Emoji only add a few characters per year. Therefore, it is not the issue. The
major contributors to expansion these days are either historical writing
systems (finite by definition) or recently invented ones, which take some
persuasion to be incorporated for good reasons. Modern writing systems encoding
is done. There are still some underserved communities, but it is not that much
in terms of needed encoding space.
In other words, not an issue by any mean. The limit of 15 planes (the 2 PUA
planes don't count) is not an issue unless you are trying to make Unicode a
glyph repository (another can of worms).
Michel
-----Original Message-----
From: Unicode <[email protected]> On Behalf Of Mark E. Shoulson
via Unicode
Sent: Sunday, March 22, 2026 7:09 PM
To: [email protected]
Subject: Re: Are there [start] emoji [end] style codes?
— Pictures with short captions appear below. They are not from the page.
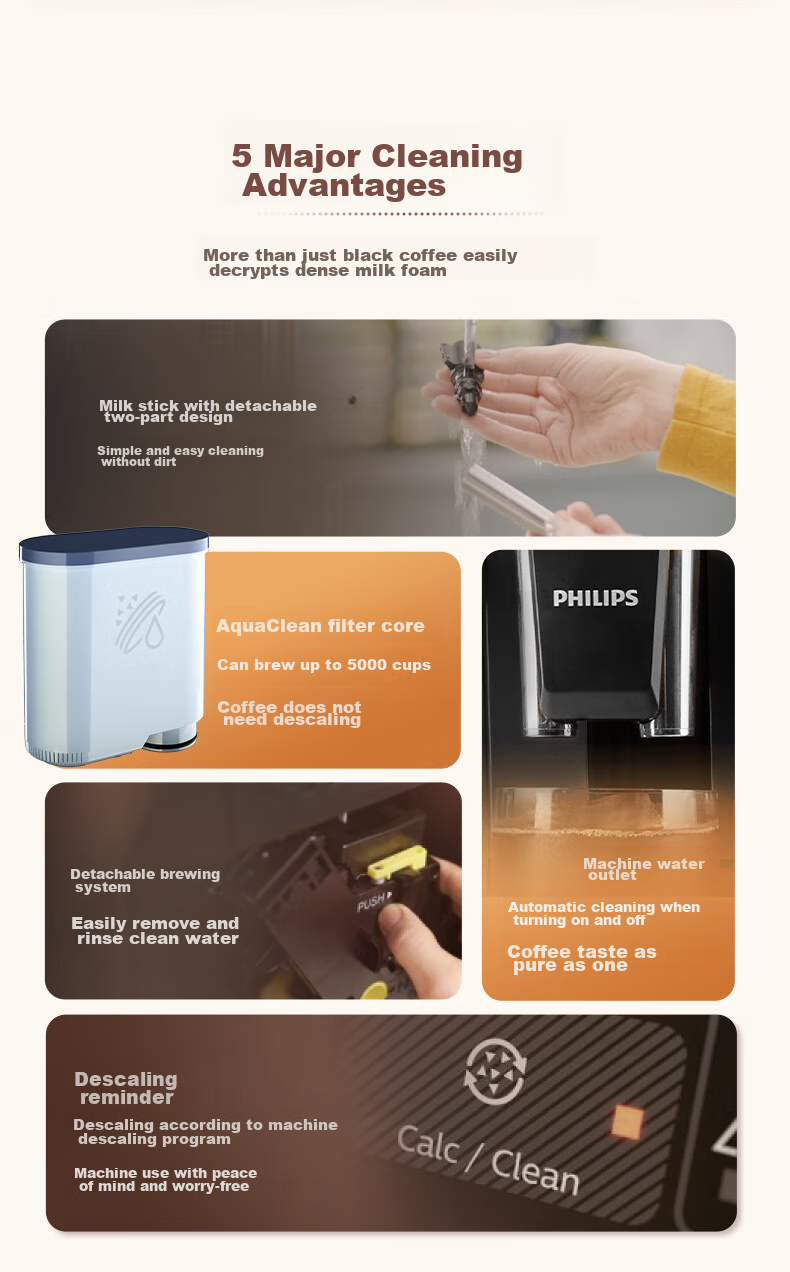 PHILIPS [Newly Upgraded Version of EP1221] Fully Automatic Italian And American Coffee Machine for Home Use, All-In Grinding, Newly Upgraded Intelligent Extraction, DIY Milk Frother, EP0820 16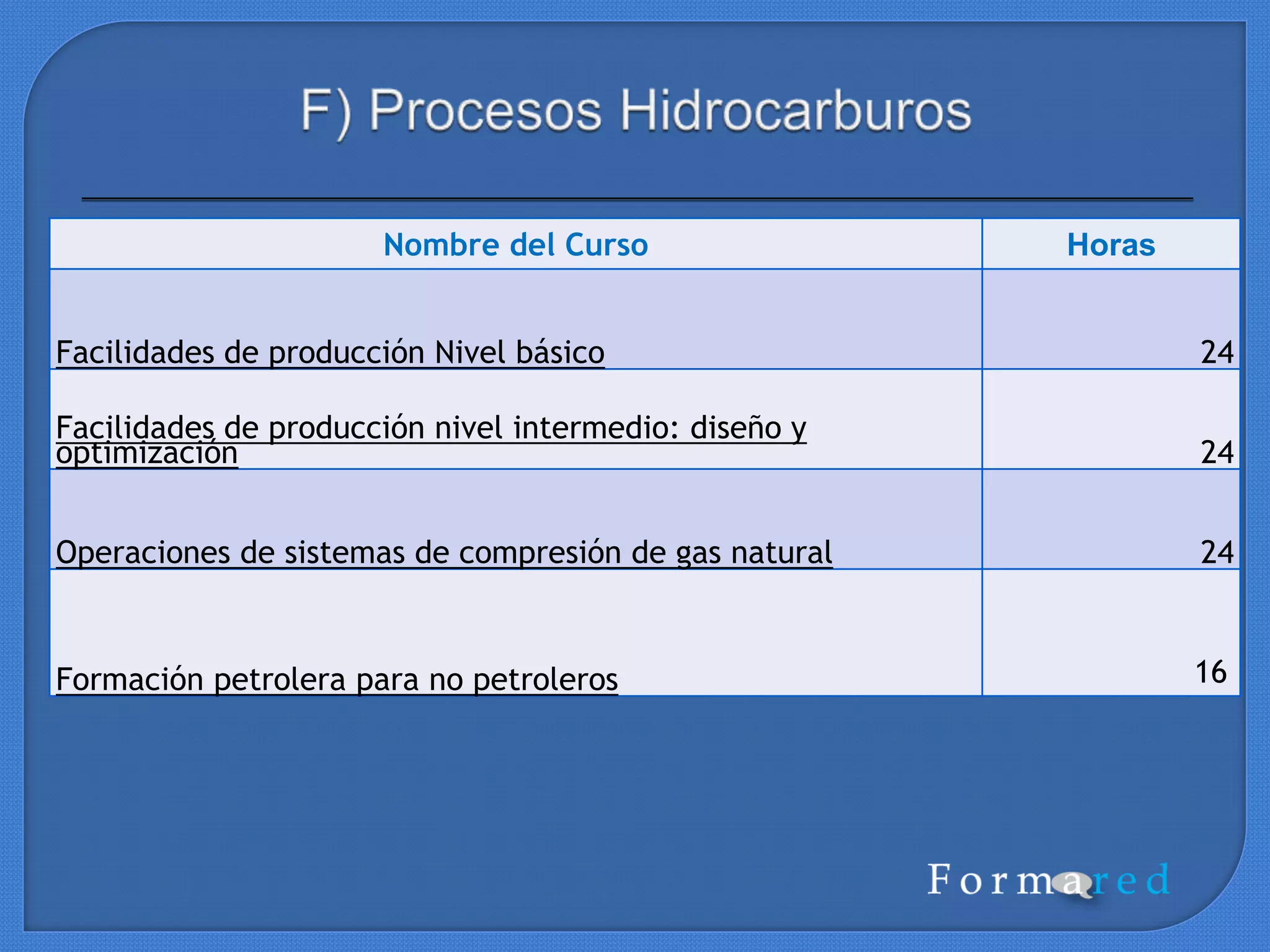 Nombre del Curso
Horas
Taller de Gestión de Mantenimiento Centrado en Confiabilidad RCM
16
TPM –Mantenimiento Productivo Total
16
Principios de Ingeniería de Confiabilidad Aplicadas a la Gestión de
Mantenimiento 16
Optimización de Mantenimiento Planeado (PMO) 16
Análisis de Riesgo y Operatividad Hazop
16
 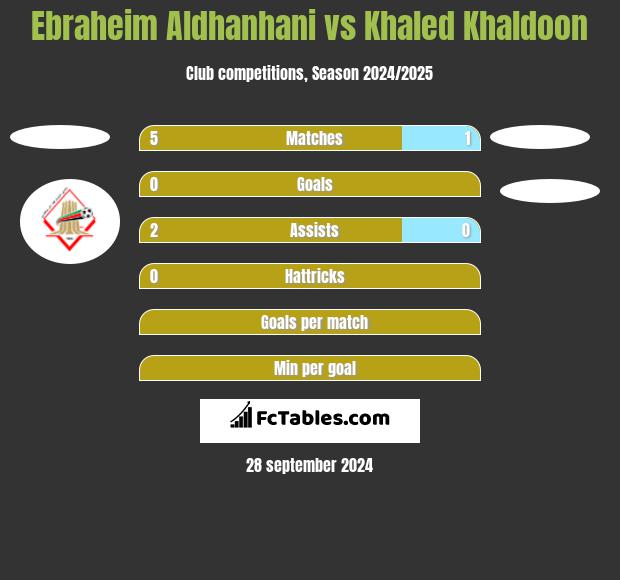 Ebraheim Aldhanhani vs Khaled Khaldoon h2h player stats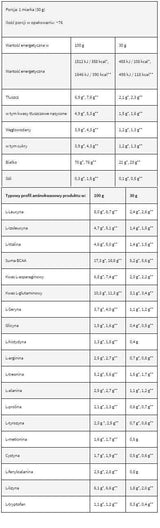 Levrowhey Supreme/100% суроватъчен протеин - 30 грама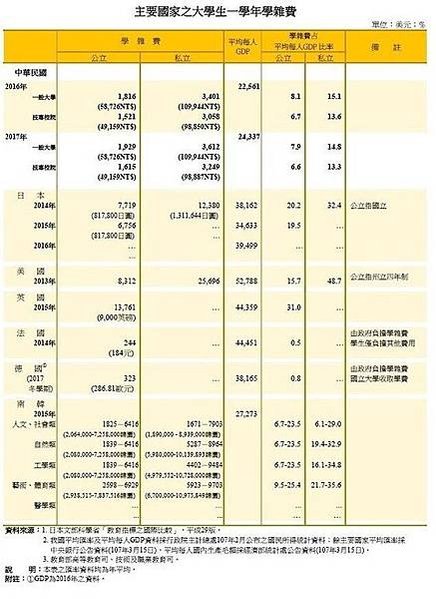 營利學校+學店經營大學排行-最像學店/大學退場名單預估排名/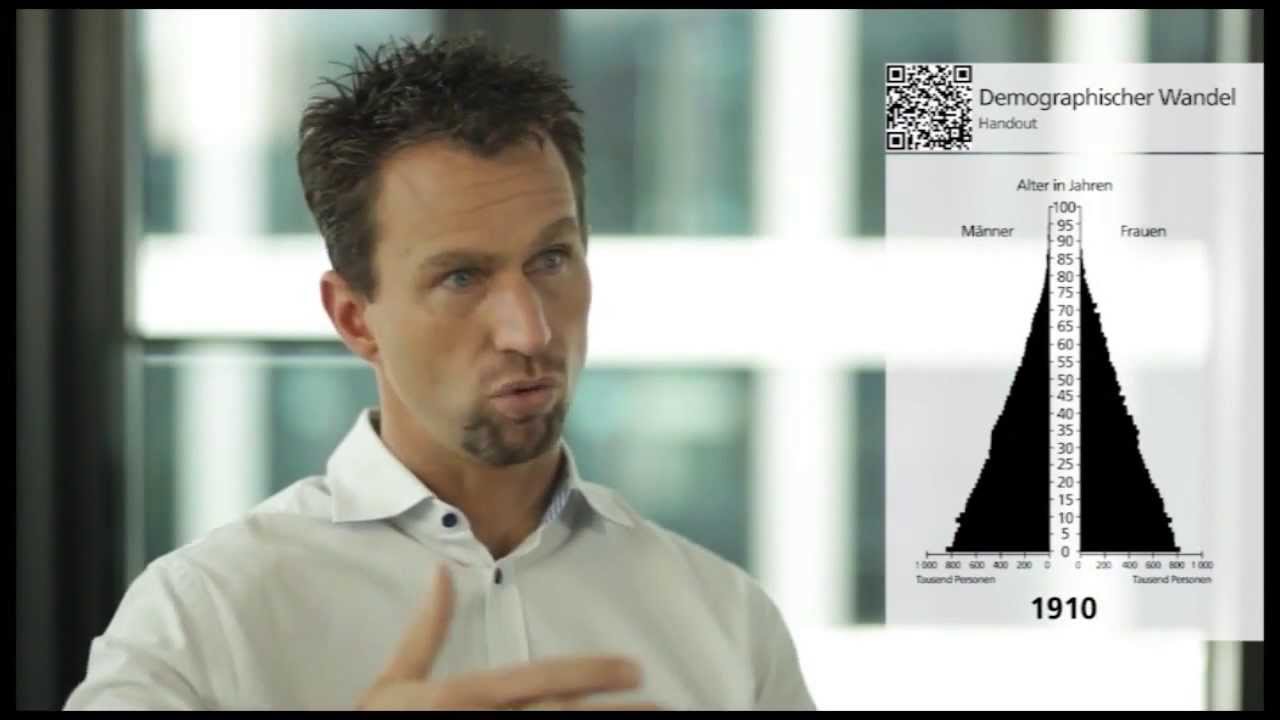 Demographie, Diversity und GenY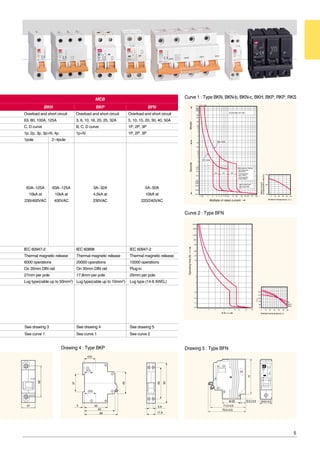 5
Drawing 4 : Type BKP
17.8
8.9
60
82
60
37
455
45
68
(22)
(22)
(17)
Drawing 5 : Type BFN
71
40.65
Curve 1 : Type BKN, BKN-b, BKN-c, BKH, BKP, RKP, RKS
Curve 2 : Type BFN
5A~50A
10kA at
220/240VAC
63A~125A
10kA at
230/400VAC
63A~125A
10kA at
400VAC
Overload and short circuit Overload and short circuit Overload and short circuit
63, 80, 100A, 125A 3, 6, 10, 16, 20, 25, 32A 5, 10, 15, 20, 30, 40, 50A
C, D curve B, C, D curve 1P, 2P, 3P
1p, 2p, 3p, 3p+N, 4p 1p+N 1P, 2P, 3P
1pole 2~4pole
IEC 60947-2 IEC 60898 IEC 60947-2
Thermal magnetic release Thermal magnetic release Thermal magnetic release
6000 operations 20000 operations 10000 operations
On 35mm DIN rail On 35mm DIN rail Plug-in
27mm per pole 17.8mm per pole 25mm per pole
Lug type(cable up to 50mm2) Lug type(cable up to 10mm2) Lug type (14-6 AWG.)
See drawing 3 See drawing 4 See drawing 5
See curve 1 See curve 1 See curve 2
MCB
BKH BKP BFN
3A~32A
4.5kA at
230VAC
 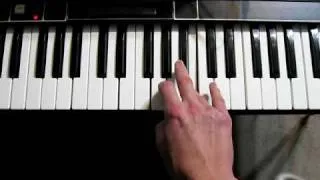 How to play the ending polymoog solo of Gary Numan's song Cars.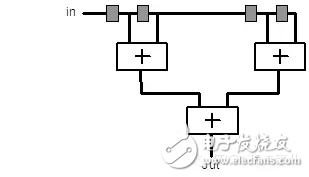 FPGA從Xilinx 的7系列學起（16）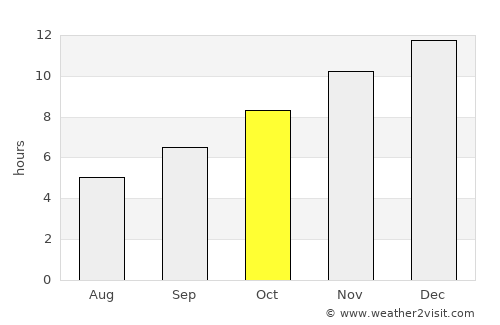 Cauquenes average rain in October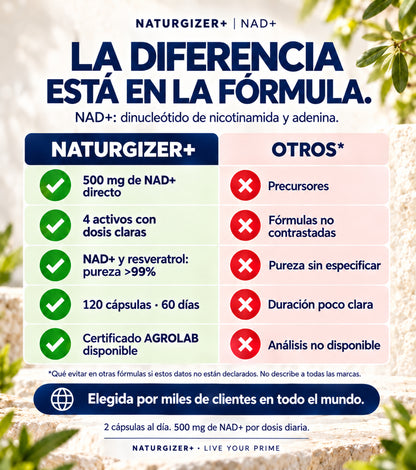 Comparativa de composición y etiquetado de NAD+ Complex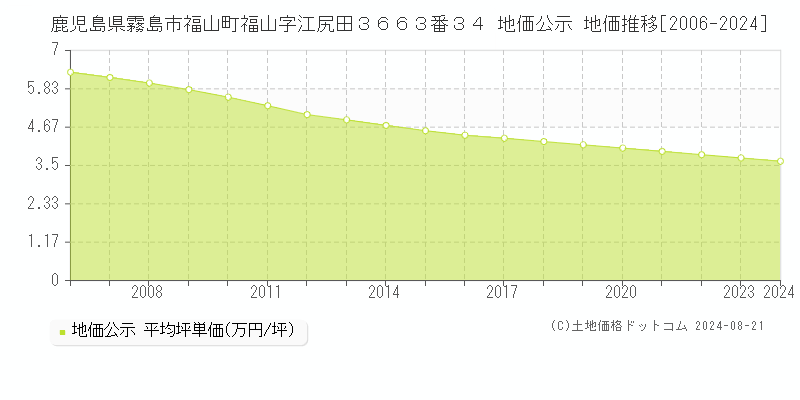 鹿児島県霧島市福山町福山字江尻田３６６３番３４ 公示地価 地価推移[2006-2019]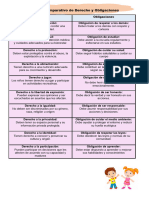 Cuadro Comparativo de Derecho y Obligaciones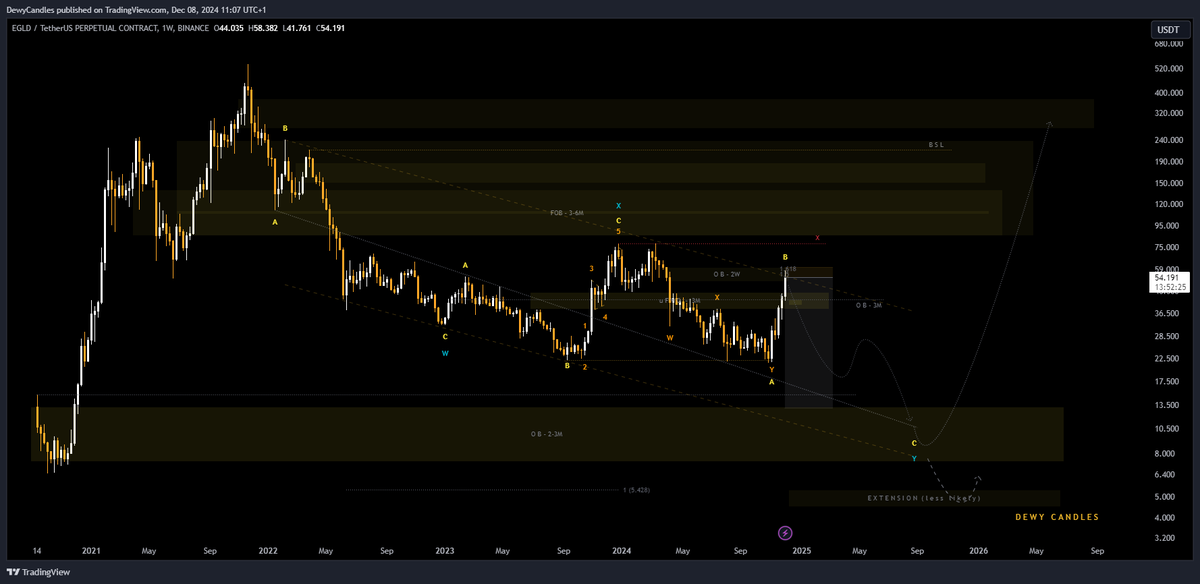 DewyCandles's tweet image. 🧩 $EGLD | THE FORGOTTEN GIANT

While the crowd chases noise, this chart quietly sets up for one of the cleanest macro reversals of the next crypto cycle.

Let’s break it down👇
I remember feeling a twinge of this worry (long before emoji) back when Unicode
officially limited itself to 17 planes instead of the 65535 planes of
full-blown (at the time) ISO-10646. (That's a thing that happened, right? Or
am I inventing history?) Gee, sooner or later things will run out... But be
realistic. It *is* true that with characters always being added and never
removed, eventually the current stock could eventually run out; that's just
math. But it isn't just the current trends place that happening way in the
future; we also don't expect current trends to continue. Unicode was never
meant to be infinite and encompass every kind of writing that will ever be
invented. We're already filling in the corners with obscure scripts now, and
there are only so many more writing systems worth encoding. Same with emoji
(well, maybe). We would hope that the growth of the emoji set would slow down
as most of the important symbols get encoded. (It is a little !
ha!
rd to say for certain because emoji aren't like other things, and we're still
sort of figuring out how to treat them.)
So, yes, I understand the knee-jerk feeling that "there's only a limited
supply!" and also the feeling that everyone else is just pretending the problem is
SOOO far in the future when they should know better... but it really kind of *is* that
far off.
~mark
On 3/22/26 6:06 PM, Doug Ewell via Unicode wrote:
Lee Shallis wrote:
Sooner or later the current pool will run out.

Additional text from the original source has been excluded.